On November 12, 2013, Morningstar, Inc. released its report: The State of City Pension Plans 2013: A Deep Dive Into Shortfalls and Surpluses. The report analyzes city pension plan funding for the 25 most populous U.S. cities. In the study, Morningstar uses two measures related to fiscal solvency and the management of city pension plans: 1) the funded ratio; and 2) the unfunded actuarial accrued liability (UAAL) per capita (which represents the amount each city resident would need to pay to fully fund the state’s city’s unfunded liability). The data were compiled mainly from the most recent actuarial reports or comprehensive annual financial reports.
The 25 cities included in the analysis have more than $125 billion of unfunded pension liabilities. Among them, 22 have pension liabilities that will have to be funded either solely or mainly by the city. Morningstar reported that about 50% of the cities contributed the full annual required contribution (ARC) to fund employee benefits earned in the last fiscal year. In aggregate, the cities’ pension plans are 66.4% funded with an average unfunded liability of $3,776 per capita, although these varied widely among the cities. The study also reports that the median funded ratio is markedly better at 76.0%, with an average unfunded liability of $1,556 per capita. For comparison, Morningstar recently published a companion report, State of the State Pension Plans 2013, which found that state pension plans have an aggregate funding ratio of 72.6%, with a UAAL per capita of about $2,600.
With regard to the distribution of the cities’ funded ratios, 3 cities have funded ratios of 90% or more and 8 have UAALs of less than $1,000 per capita. In addition, 7 cities have funded ratios of at least 80%. Morningstar considers pension systems with an unfunded ratio of 80% or greater and/or a UAAL per capita under $1,500 to be in good condition. However, 7 of the evaluated cities have funded ratios below 70%.
According to the study’s author, Municipal Credit Analyst Rachel Barkley, the report focused on the 25 most populous cities because they are “major financial centers and play an important role in the overall economy and the larger municipal bond market.” In addition, the “nation’s largest cities often maintain their own pension plans, separate from those administered by the states. Therefore, in order to bring further clarity to the pension burden facing these entities, we have analyzed the pension plans and liabilities for the 25 most populous U.S. cities.”
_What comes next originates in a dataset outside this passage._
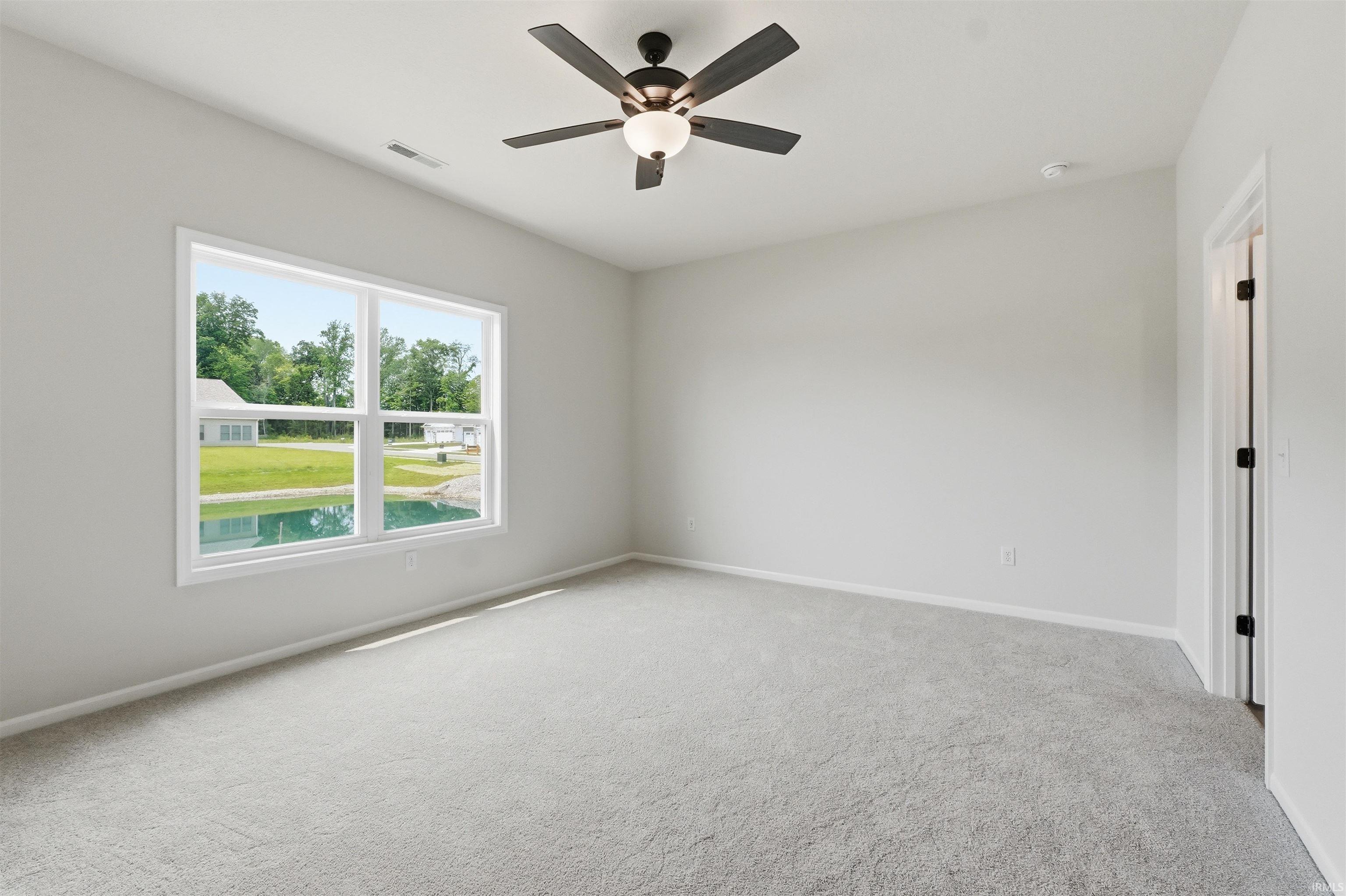 Bright Owner Suite Bedroom featuring a large window, plush carpet flooring, a ceiling fan with integrated lighting, and a white interior door with dark hardware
The report concludes: “The main driver of long-term pension health for each city will, in our opinion, be driven by its management practices. Entities that fully fund the ARC, actively seek to manage pension liabilities, and periodically review their actuarial assumptions and investment policies are likely to maintain adequate pension funded levels in the long run. Governments’ treatment of pension funding and benefits in times of positive market returns and overall economic growth will also be a key indicator of whether plans will experience significant stress in future recessions.”
Individual data for each plan are also included in the report. Although this is the first report prepared by Morningstar on city pension plan funding, it expects to provide an annual updated report to inform investors about the fiscal health of each city’s pension liabilities and the potential impact on the city’s overall credit quality.